_Assignment_.
Set down all of the entries exactly, leaving nothing out.

_Provided records_.

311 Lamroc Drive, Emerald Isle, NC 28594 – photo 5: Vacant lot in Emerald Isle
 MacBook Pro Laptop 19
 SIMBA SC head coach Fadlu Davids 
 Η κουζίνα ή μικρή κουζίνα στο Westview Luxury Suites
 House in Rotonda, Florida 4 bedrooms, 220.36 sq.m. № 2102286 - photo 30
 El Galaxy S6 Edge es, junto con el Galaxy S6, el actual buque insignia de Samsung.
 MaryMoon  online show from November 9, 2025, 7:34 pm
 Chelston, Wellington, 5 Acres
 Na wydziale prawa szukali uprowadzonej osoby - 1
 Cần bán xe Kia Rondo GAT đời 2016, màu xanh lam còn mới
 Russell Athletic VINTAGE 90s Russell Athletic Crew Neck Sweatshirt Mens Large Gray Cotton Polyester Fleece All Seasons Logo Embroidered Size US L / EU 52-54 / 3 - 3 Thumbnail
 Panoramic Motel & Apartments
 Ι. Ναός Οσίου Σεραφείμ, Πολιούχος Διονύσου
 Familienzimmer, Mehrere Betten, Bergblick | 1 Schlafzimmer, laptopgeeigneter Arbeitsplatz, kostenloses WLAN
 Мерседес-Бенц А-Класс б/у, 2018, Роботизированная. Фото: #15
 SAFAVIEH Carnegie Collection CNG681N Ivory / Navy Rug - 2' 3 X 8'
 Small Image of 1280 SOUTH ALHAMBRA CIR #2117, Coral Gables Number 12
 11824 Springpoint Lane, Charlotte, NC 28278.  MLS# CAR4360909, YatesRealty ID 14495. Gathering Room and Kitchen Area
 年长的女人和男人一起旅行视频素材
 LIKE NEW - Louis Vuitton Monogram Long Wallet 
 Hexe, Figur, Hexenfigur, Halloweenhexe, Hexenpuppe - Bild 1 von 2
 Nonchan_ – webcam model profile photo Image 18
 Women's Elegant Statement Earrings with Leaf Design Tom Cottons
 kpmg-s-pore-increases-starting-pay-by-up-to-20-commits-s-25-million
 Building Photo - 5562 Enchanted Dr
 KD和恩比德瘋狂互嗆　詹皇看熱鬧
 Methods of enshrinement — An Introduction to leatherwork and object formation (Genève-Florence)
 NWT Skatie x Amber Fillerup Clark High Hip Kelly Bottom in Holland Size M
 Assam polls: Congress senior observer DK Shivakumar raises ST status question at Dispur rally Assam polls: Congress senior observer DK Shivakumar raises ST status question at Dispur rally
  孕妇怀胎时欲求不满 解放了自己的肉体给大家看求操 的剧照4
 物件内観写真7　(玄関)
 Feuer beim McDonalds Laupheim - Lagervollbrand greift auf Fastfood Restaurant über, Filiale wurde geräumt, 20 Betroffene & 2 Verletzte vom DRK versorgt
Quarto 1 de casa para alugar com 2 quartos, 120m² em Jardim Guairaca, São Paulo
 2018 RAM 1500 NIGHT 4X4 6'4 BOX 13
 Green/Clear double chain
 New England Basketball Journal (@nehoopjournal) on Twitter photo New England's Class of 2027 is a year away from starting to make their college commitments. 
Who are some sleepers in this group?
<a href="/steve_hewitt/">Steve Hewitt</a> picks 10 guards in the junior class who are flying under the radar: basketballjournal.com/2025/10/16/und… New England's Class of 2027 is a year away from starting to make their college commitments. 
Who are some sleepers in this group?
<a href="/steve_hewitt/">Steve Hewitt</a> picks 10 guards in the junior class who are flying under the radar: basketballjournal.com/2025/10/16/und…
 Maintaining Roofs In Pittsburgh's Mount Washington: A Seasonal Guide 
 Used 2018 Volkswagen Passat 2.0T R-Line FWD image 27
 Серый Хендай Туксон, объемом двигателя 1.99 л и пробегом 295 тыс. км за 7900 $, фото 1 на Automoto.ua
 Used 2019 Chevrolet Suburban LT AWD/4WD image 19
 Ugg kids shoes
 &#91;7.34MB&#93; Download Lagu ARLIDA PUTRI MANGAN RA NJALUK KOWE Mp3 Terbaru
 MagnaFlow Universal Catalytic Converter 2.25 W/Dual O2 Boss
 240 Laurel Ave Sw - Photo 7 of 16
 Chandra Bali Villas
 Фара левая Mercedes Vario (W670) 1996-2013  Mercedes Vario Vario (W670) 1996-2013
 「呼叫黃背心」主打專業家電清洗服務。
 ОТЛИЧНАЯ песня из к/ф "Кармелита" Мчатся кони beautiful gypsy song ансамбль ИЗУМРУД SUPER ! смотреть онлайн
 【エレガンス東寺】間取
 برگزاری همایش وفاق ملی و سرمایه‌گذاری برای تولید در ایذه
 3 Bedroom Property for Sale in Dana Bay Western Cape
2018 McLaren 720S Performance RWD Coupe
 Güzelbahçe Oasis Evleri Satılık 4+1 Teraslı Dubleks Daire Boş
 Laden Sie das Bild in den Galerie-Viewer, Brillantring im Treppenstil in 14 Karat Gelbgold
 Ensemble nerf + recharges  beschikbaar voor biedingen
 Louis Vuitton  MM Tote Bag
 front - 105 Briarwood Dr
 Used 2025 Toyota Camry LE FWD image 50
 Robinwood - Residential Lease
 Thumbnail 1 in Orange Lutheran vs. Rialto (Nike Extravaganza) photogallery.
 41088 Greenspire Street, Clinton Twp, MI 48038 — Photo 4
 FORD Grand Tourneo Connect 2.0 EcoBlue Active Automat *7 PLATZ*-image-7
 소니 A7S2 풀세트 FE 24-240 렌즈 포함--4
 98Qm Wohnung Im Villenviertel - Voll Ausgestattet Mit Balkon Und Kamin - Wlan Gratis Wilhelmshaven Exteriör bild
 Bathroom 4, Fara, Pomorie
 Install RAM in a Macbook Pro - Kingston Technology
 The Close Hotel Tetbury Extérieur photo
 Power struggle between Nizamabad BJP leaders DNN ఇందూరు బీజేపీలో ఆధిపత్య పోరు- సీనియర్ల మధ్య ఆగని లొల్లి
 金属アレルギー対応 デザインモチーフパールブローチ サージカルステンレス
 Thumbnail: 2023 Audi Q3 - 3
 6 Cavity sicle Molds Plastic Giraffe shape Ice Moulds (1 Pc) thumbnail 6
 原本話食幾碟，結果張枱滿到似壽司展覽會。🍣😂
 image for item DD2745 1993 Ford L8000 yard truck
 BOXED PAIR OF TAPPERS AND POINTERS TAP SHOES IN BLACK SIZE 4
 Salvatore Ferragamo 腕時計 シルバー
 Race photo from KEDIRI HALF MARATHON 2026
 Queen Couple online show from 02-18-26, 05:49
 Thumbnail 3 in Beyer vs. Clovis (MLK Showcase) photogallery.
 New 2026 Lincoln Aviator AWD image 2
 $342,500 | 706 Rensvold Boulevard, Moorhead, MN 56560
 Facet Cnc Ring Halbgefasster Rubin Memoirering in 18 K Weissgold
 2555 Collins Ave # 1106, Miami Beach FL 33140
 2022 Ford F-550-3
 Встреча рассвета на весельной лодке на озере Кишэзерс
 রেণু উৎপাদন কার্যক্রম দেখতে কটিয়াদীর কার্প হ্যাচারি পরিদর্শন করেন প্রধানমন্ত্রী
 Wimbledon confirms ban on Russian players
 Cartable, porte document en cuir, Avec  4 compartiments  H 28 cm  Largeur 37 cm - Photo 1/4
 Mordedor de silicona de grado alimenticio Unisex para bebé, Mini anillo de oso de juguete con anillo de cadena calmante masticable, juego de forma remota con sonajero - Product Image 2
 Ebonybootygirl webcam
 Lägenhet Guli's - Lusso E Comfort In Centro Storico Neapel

_Response below_.
311 Lamroc Drive, Emerald Isle, NC 28594 – photo 5: Vacant lot in Emerald Isle
 MacBook Pro Laptop 19
 SIMBA SC head coach Fadlu Davids 
 Η κουζίνα ή μικρή κουζίνα στο Westview Luxury Suites
 House in Rotonda, Florida 4 bedrooms, 220.36 sq.m. № 2102286 - photo 30
 El Galaxy S6 Edge es, junto con el Galaxy S6, el actual buque insignia de Samsung.
 MaryMoon  online show from November 9, 2025, 7:34 pm
 Chelston, Wellington, 5 Acres
 Na wydziale prawa szukali uprowadzonej osoby - 1
 Cần bán xe Kia Rondo GAT đời 2016, màu xanh lam còn mới
 Russell Athletic VINTAGE 90s Russell Athletic Crew Neck Sweatshirt Mens Large Gray Cotton Polyester Fleece All Seasons Logo Embroidered Size US L / EU 52-54 / 3 - 3 Thumbnail
 Panoramic Motel & Apartments
 Ι. Ναός Οσίου Σεραφείμ, Πολιούχος Διονύσου
 Familienzimmer, Mehrere Betten, Bergblick | 1 Schlafzimmer, laptopgeeigneter Arbeitsplatz, kostenloses WLAN
 Мерседес-Бенц А-Класс б/у, 2018, Роботизированная. Фото: #15
 SAFAVIEH Carnegie Collection CNG681N Ivory / Navy Rug - 2' 3 X 8'
 Small Image of 1280 SOUTH ALHAMBRA CIR #2117, Coral Gables Number 12
 11824 Springpoint Lane, Charlotte, NC 28278.  MLS# CAR4360909, YatesRealty ID 14495. Gathering Room and Kitchen Area
 年长的女人和男人一起旅行视频素材
 LIKE NEW - Louis Vuitton Monogram Long Wallet 
 Hexe, Figur, Hexenfigur, Halloweenhexe, Hexenpuppe - Bild 1 von 2
 Nonchan_ – webcam model profile photo Image 18
 Women's Elegant Statement Earrings with Leaf Design Tom Cottons
 kpmg-s-pore-increases-starting-pay-by-up-to-20-commits-s-25-million
 Building Photo - 5562 Enchanted Dr
 KD和恩比德瘋狂互嗆　詹皇看熱鬧
 Methods of enshrinement — An Introduction to leatherwork and object formation (Genève-Florence)
 NWT Skatie x Amber Fillerup Clark High Hip Kelly Bottom in Holland Size M
 Assam polls: Congress senior observer DK Shivakumar raises ST status question at Dispur rally Assam polls: Congress senior observer DK Shivakumar raises ST status question at Dispur rally
  孕妇怀胎时欲求不满 解放了自己的肉体给大家看求操 的剧照4
 物件内観写真7　(玄関)
 Feuer beim McDonalds Laupheim - Lagervollbrand greift auf Fastfood Restaurant über, Filiale wurde geräumt, 20 Betroffene & 2 Verletzte vom DRK versorgt
Quarto 1 de casa para alugar com 2 quartos, 120m² em Jardim Guairaca, São Paulo
 2018 RAM 1500 NIGHT 4X4 6'4 BOX 13
 Green/Clear double chain
 New England Basketball Journal (@nehoopjournal) on Twitter photo New England's Class of 2027 is a year away from starting to make their college commitments. 
Who are some sleepers in this group?
<a href="/steve_hewitt/">Steve Hewitt</a> picks 10 guards in the junior class who are flying under the radar: basketballjournal.com/2025/10/16/und… New England's Class of 2027 is a year away from starting to make their college commitments. 
Who are some sleepers in this group?
<a href="/steve_hewitt/">Steve Hewitt</a> picks 10 guards in the junior class who are flying under the radar: basketballjournal.com/2025/10/16/und…
 Maintaining Roofs In Pittsburgh's Mount Washington: A Seasonal Guide 
 Used 2018 Volkswagen Passat 2.0T R-Line FWD image 27
 Серый Хендай Туксон, объемом двигателя 1.99 л и пробегом 295 тыс. км за 7900 $, фото 1 на Automoto.ua
 Used 2019 Chevrolet Suburban LT AWD/4WD image 19
 Ugg kids shoes
 &#91;7.34MB&#93; Download Lagu ARLIDA PUTRI MANGAN RA NJALUK KOWE Mp3 Terbaru
 MagnaFlow Universal Catalytic Converter 2.25 W/Dual O2 Boss
 240 Laurel Ave Sw - Photo 7 of 16
 Chandra Bali Villas
 Фара левая Mercedes Vario (W670) 1996-2013  Mercedes Vario Vario (W670) 1996-2013
 「呼叫黃背心」主打專業家電清洗服務。
 ОТЛИЧНАЯ песня из к/ф "Кармелита" Мчатся кони beautiful gypsy song ансамбль ИЗУМРУД SUPER ! смотреть онлайн
 【エレガンス東寺】間取
 برگزاری همایش وفاق ملی و سرمایه‌گذاری برای تولید در ایذه
 3 Bedroom Property for Sale in Dana Bay Western Cape
2018 McLaren 720S Performance RWD Coupe
 Güzelbahçe Oasis Evleri Satılık 4+1 Teraslı Dubleks Daire Boş
 Laden Sie das Bild in den Galerie-Viewer, Brillantring im Treppenstil in 14 Karat Gelbgold
 Ensemble nerf + recharges  beschikbaar voor biedingen
 Louis Vuitton  MM Tote Bag
 front - 105 Briarwood Dr
 Used 2025 Toyota Camry LE FWD image 50
 Robinwood - Residential Lease
 Thumbnail 1 in Orange Lutheran vs. Rialto (Nike Extravaganza) photogallery.
 41088 Greenspire Street, Clinton Twp, MI 48038 — Photo 4
 FORD Grand Tourneo Connect 2.0 EcoBlue Active Automat *7 PLATZ*-image-7
 소니 A7S2 풀세트 FE 24-240 렌즈 포함--4
 98Qm Wohnung Im Villenviertel - Voll Ausgestattet Mit Balkon Und Kamin - Wlan Gratis Wilhelmshaven Exteriör bild
 Bathroom 4, Fara, Pomorie
 Install RAM in a Macbook Pro - Kingston Technology
 The Close Hotel Tetbury Extérieur photo
 Power struggle between Nizamabad BJP leaders DNN ఇందూరు బీజేపీలో ఆధిపత్య పోరు- సీనియర్ల మధ్య ఆగని లొల్లి
 金属アレルギー対応 デザインモチーフパールブローチ サージカルステンレス
 Thumbnail: 2023 Audi Q3 - 3
 6 Cavity sicle Molds Plastic Giraffe shape Ice Moulds (1 Pc) thumbnail 6
 原本話食幾碟，結果張枱滿到似壽司展覽會。🍣😂
 image for item DD2745 1993 Ford L8000 yard truck
 BOXED PAIR OF TAPPERS AND POINTERS TAP SHOES IN BLACK SIZE 4
 Salvatore Ferragamo 腕時計 シルバー
 Race photo from KEDIRI HALF MARATHON 2026
 Queen Couple online show from 02-18-26, 05:49
 Thumbnail 3 in Beyer vs. Clovis (MLK Showcase) photogallery.
 New 2026 Lincoln Aviator AWD image 2
 $342,500 | 706 Rensvold Boulevard, Moorhead, MN 56560
 Facet Cnc Ring Halbgefasster Rubin Memoirering in 18 K Weissgold
 2555 Collins Ave # 1106, Miami Beach FL 33140
 2022 Ford F-550-3
 Встреча рассвета на весельной лодке на озере Кишэзерс
 রেণু উৎপাদন কার্যক্রম দেখতে কটিয়াদীর কার্প হ্যাচারি পরিদর্শন করেন প্রধানমন্ত্রী
 Wimbledon confirms ban on Russian players
 Cartable, porte document en cuir, Avec  4 compartiments  H 28 cm  Largeur 37 cm - Photo 1/4
 Mordedor de silicona de grado alimenticio Unisex para bebé, Mini anillo de oso de juguete con anillo de cadena calmante masticable, juego de forma remota con sonajero - Product Image 2
 Ebonybootygirl webcam
 Lägenhet Guli's - Lusso E Comfort In Centro Storico Neapel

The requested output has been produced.